I've been on a quest to make a 120 grain PBFN (Lyman 3118) shoot accurately in my 30-30. It's a Model 94 20” barrel from the 1950's. I started out with some fairly fast powder, and have been moving down the burn rate chart. Here are my results so far, although the quest is not over. Everything was fired at 50 yards. Alloy is 50/50 COWW/PL, baked @430 for 45 minutes and quenched. (I've been given a suggestion by someone much smarter to bake it longer, and perhaps hotter.) A pattern that seems to be appearing is that as I try progressively slower powders among the assortment of fast powders I own, the differences between best and worst groups narrows. It also looks like the slower the powder I try, the better the larger charges do. I know three isn't a very large sample size to draw conclusions, but it's what I have so far.

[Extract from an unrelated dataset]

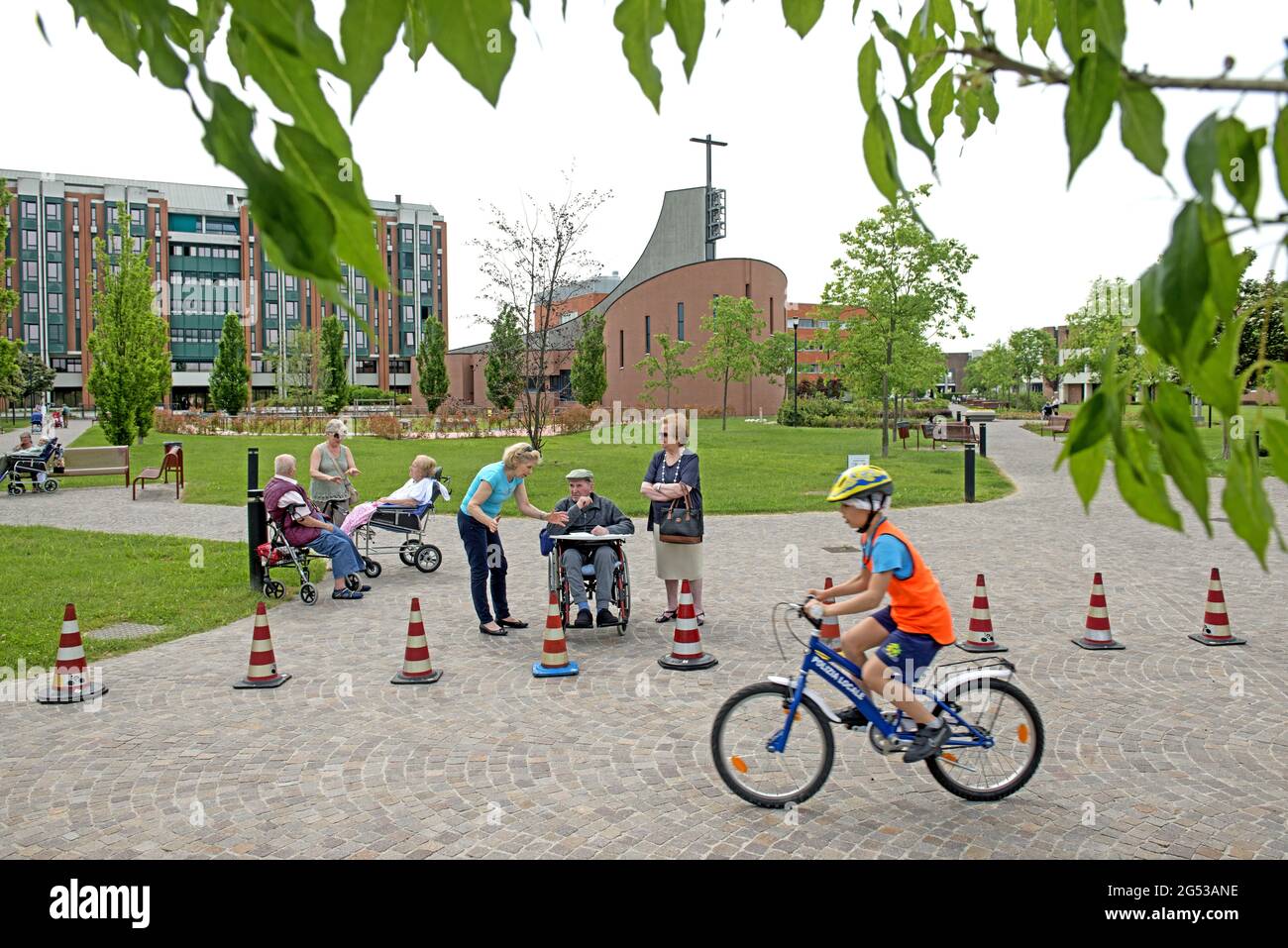 Nonni che insegnano ai bambini le regole della bicicletta, a Civitas Vitae, residenza per anziani, a Padova, Italia Foto Stock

The next three stops in powders I own are Herco, AA-5, and 2400. The loads I've tried so far don't seem to be position sensitive. I'm thinking that I'll soon run into a powder that will stop burning well at plain based pressures/velocities. Based on several older discussions in this forum on Bullseye and cast bullets, I really thought 700X would work out better. I suppose with a little harder bullet that could be the case. Oh well, I'm making progress, and it's been fun so far. That's the most important part.
Best for Each Powder Tried Worst for Each Powder Tried
2.0 gr 700X, 530 fps, 0.266" 3.5 gr 700X, 901 fps, 3.976"
5.0 gr Vectan 206V, 1043 fps, 1.263" 3.5 gr Vectan 206V, 803 fps, 3.551"
6.0 gr Unique, 1147 fps, 1.165" 5.5 gr Unique, 1026 fps, 2.187"
Here are some bullets I recovered this week after our snow melted. Snow really does seem to be a good recovery medium. It just takes awhile!